Dataset excerpts
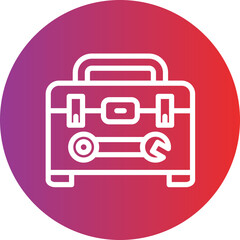 Toolbox vector icon style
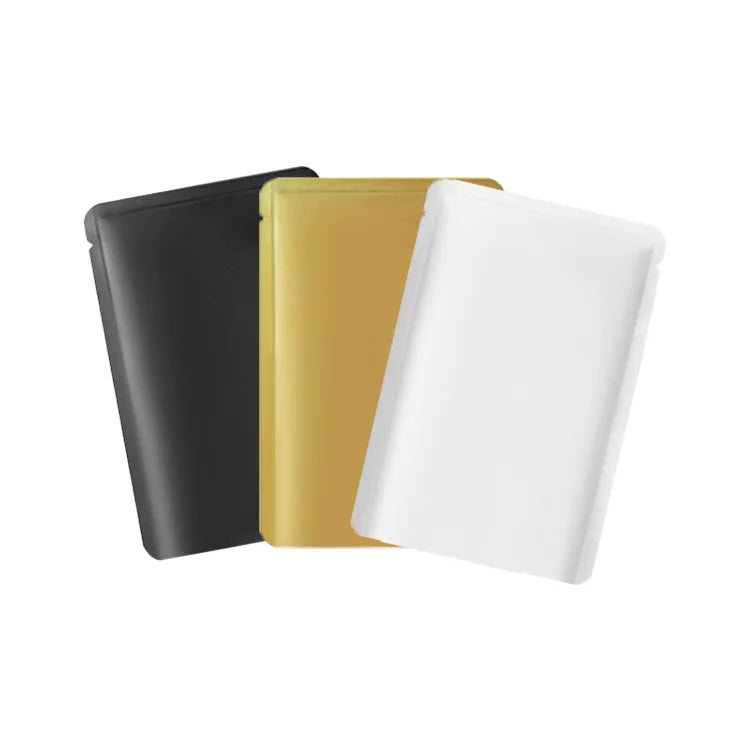 Multicolor Pure Aluminum Foil Flat 3 Side Seal High Barrier Food Grade Heat Sealable Packaging Bags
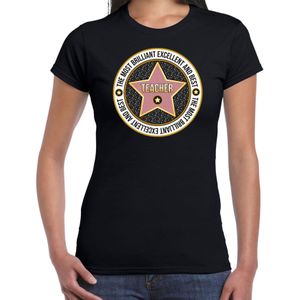 Cadeau t-shirt voor dames - teacher/lerares - zwart - bedankje - verjaardag - Feestshirts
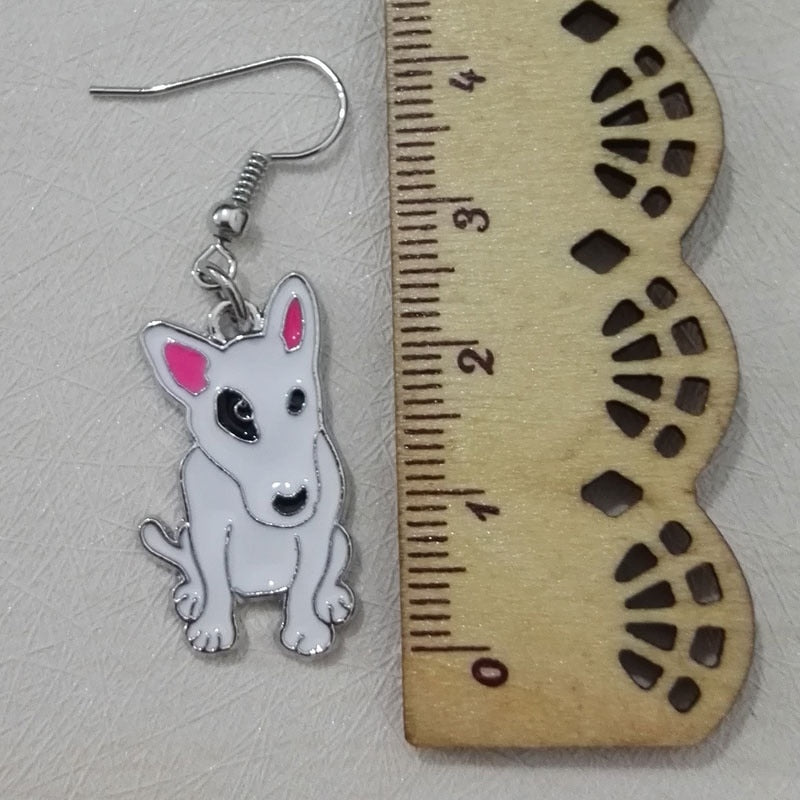 Starring Bull Terrier Earrings (2 pairs set) - Style's Bug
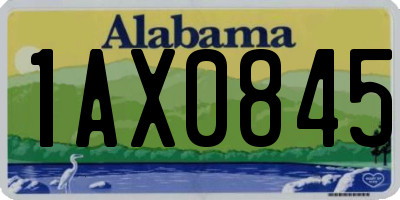 AL license plate 1AX0845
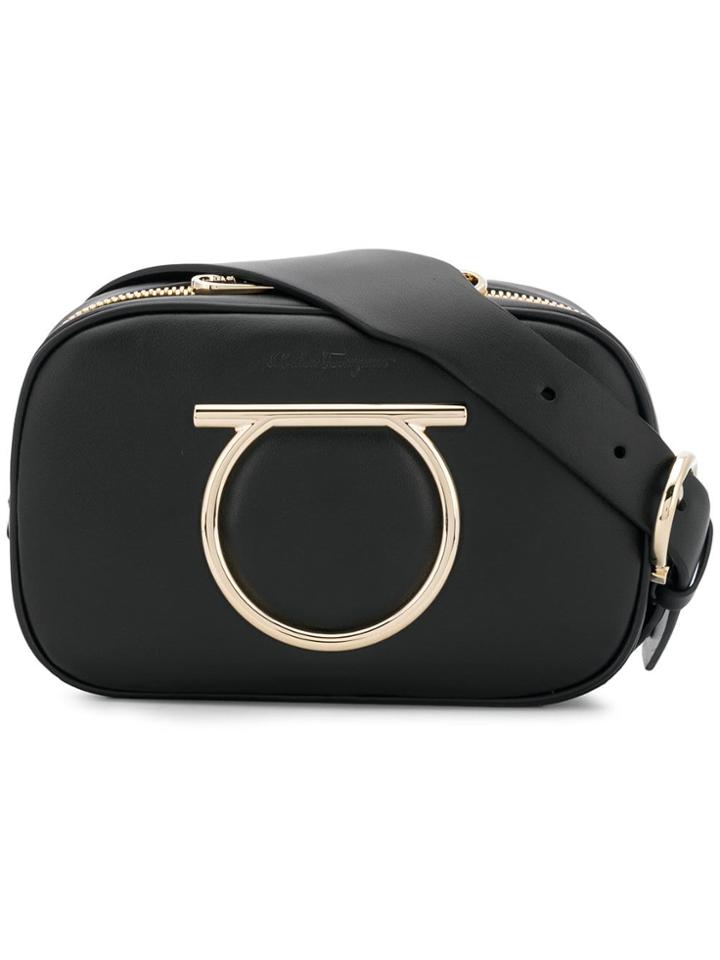 Salvatore Ferragamo Gancio Cross-body Bag - Black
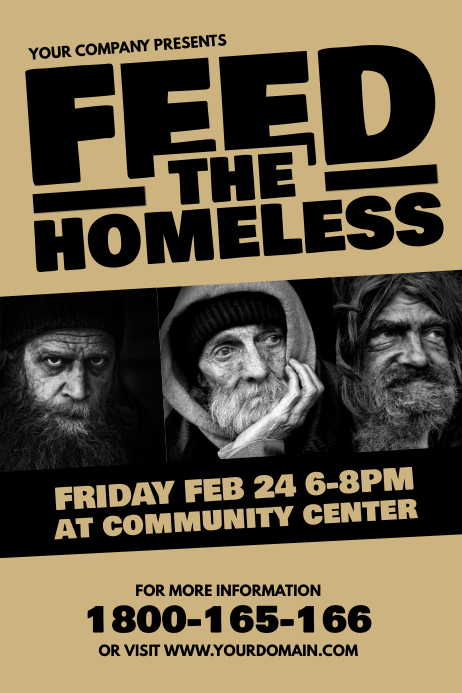 Feed The Homeless Fundraiser Template PosterMyWall feed-the-homeless-fundraiser-template-postermywall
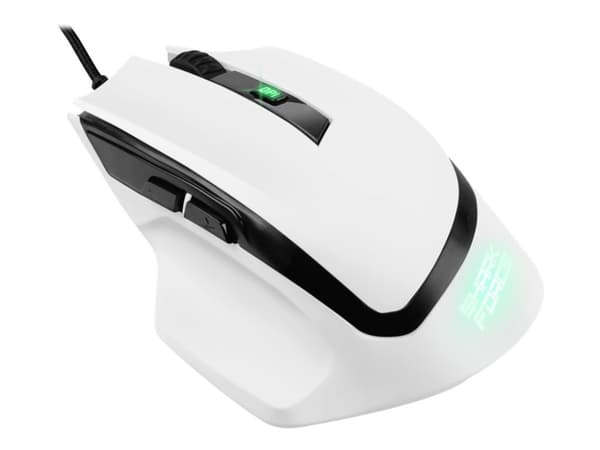 Sharkoon SHARK Force II - Mus - optisk - 6 knappar - kabelansluten - USB - vit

Exercise requirements
From top to bottom, restate the records above exactly and omit every picture.

Finished exercise
 Toolbox vector icon style
 Multicolor Pure Aluminum Foil Flat 3 Side Seal High Barrier Food Grade Heat Sealable Packaging Bags
 Cadeau t-shirt voor dames - teacher/lerares - zwart - bedankje - verjaardag - Feestshirts
 Starring Bull Terrier Earrings (2 pairs set) - Style's Bug
 AL license plate 1AX0845
 Salvatore Ferragamo Gancio Cross-body Bag - Black
 Feed The Homeless Fundraiser Template PosterMyWall feed-the-homeless-fundraiser-template-postermywall
 Sharkoon SHARK Force II - Mus - optisk - 6 knappar - kabelansluten - USB - vit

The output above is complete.